*Work to be completed*
Only lines containing the word "Used" belong in the answer; copy each one from the records.

*Records to process*
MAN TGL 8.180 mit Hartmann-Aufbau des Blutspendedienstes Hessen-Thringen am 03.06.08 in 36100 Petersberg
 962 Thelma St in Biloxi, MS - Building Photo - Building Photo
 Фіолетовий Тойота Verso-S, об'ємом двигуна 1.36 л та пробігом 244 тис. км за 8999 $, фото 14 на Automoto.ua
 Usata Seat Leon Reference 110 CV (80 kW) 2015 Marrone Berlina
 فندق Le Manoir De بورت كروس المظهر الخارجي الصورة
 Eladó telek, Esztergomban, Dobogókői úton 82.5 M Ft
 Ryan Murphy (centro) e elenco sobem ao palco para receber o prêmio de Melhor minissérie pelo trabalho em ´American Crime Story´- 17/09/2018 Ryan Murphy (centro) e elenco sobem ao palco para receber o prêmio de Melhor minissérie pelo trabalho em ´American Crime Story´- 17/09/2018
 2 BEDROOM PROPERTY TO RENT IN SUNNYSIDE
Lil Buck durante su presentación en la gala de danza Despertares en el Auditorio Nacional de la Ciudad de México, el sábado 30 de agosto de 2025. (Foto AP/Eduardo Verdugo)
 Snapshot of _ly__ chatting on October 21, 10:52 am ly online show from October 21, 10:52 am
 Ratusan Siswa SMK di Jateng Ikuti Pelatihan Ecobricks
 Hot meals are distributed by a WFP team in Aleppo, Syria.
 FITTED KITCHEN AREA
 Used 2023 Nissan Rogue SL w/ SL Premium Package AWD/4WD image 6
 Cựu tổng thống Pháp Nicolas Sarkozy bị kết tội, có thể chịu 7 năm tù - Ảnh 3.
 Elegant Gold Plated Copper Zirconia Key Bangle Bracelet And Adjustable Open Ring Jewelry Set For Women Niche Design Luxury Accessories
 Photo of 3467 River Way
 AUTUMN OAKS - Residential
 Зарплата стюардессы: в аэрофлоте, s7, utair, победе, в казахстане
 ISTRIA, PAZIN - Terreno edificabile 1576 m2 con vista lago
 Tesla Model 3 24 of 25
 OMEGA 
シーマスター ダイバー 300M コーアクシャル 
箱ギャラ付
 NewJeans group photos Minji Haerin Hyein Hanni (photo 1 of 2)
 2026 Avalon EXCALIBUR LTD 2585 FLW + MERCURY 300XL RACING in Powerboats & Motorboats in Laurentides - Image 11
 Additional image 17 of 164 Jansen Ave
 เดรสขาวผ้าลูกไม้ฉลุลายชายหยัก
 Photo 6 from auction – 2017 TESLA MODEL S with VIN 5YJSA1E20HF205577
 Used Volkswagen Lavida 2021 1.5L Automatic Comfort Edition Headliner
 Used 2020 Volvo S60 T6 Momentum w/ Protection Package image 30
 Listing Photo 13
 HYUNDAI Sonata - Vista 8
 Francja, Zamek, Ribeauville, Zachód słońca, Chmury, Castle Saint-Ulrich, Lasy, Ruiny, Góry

*Task result*
 Used 2023 Nissan Rogue SL w/ SL Premium Package AWD/4WD image 6
 Used Volkswagen Lavida 2021 1.5L Automatic Comfort Edition Headliner
 Used 2020 Volvo S60 T6 Momentum w/ Protection Package image 30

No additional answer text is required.